For Frontline, the ESPN joint venture provides access to seasoned sports journalists. But it is a unique collaboration for Outside the Lines, and one that signals a commitment to follow the concussion story where it leads in spite of ESPN’s status as an NFL partner.
“While ESPN gets that reputation of being the fan network and being softer, without being too defensive, I think a lot of that’s misplaced,” Fainaru-Wada tells THR. “I’ve had zero instances in which anybody has gotten in the way of anything we wanted to do.”
With nearly 4,000 retired players suing the league over the link between football and long-tern brain damage, and the recent suicide of former NFL star Junior Seau and murder-suicide of player Jovan Belcher, the $6 billion NFL business is under a microscope — even as its ratings dominate TV. Producer Tom Jennings says Frontline producers are interviewing retired and current players, but they have yet to land an interview with NFL commissioner Roger Goodell or other representatives of the league.
“We’re communicating with them and trying to get their comments on what we’re doing,” says Jennings. “They have not responded in an overt fashion. But we continue to reach out.”
If the NFL is displeased with ESPN’s coverage, the league has not expressed that sentiment to ESPN executives, according to network sources.
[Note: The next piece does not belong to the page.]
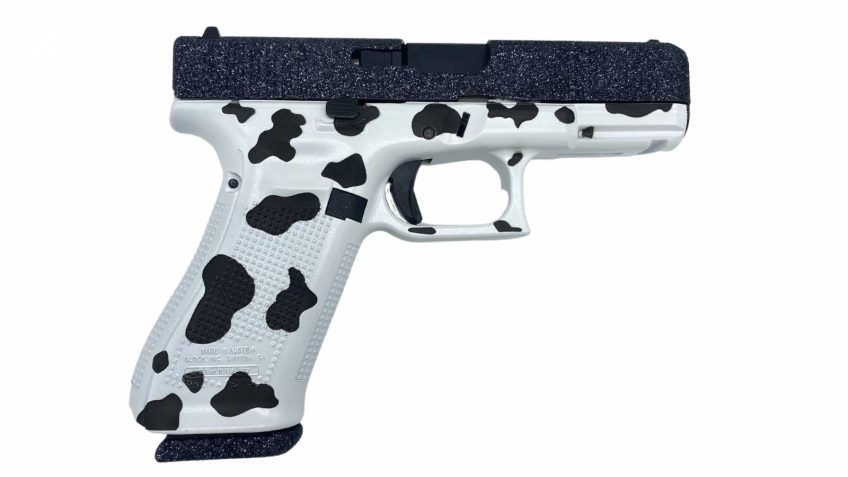 Glock 45 Gen5 Cow Black / White / Glitter 9mm 4.02″ Barrel 17-Rounds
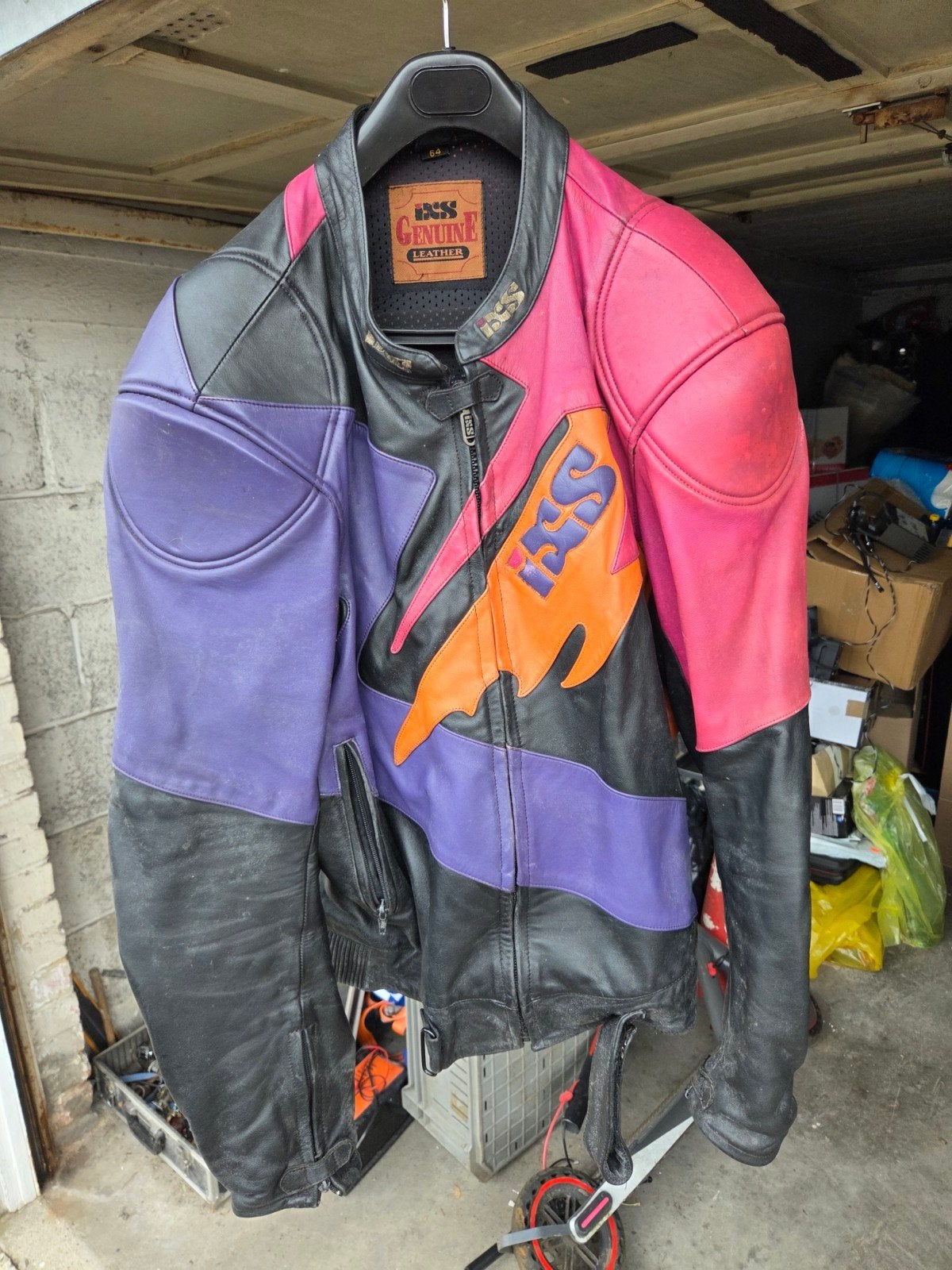 Leren motorjas, in zeer goede staat., Motoren, Ophalen of Verzenden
And one source noted that some in the NFL gave the Fainaru’s story about a recent Boston University study that found 28 new cases of chronic brain damage in football players (including 15 NFL veterans) high marks for acknowledging the doubts surrounding the study’s conclusions.
Nevertheless, Fainaru-Wada says he’s “not optimistic” that the NFL ultimately will make executives available for on-camera interviews.
“We have put ourselves out there repeatedly to make sure they know exactly what we’re doing,” he said. “We flew to New York to sit down with the league [at NFL headquarters]. But so far, they’ve given no indication that they’re going to cooperate.”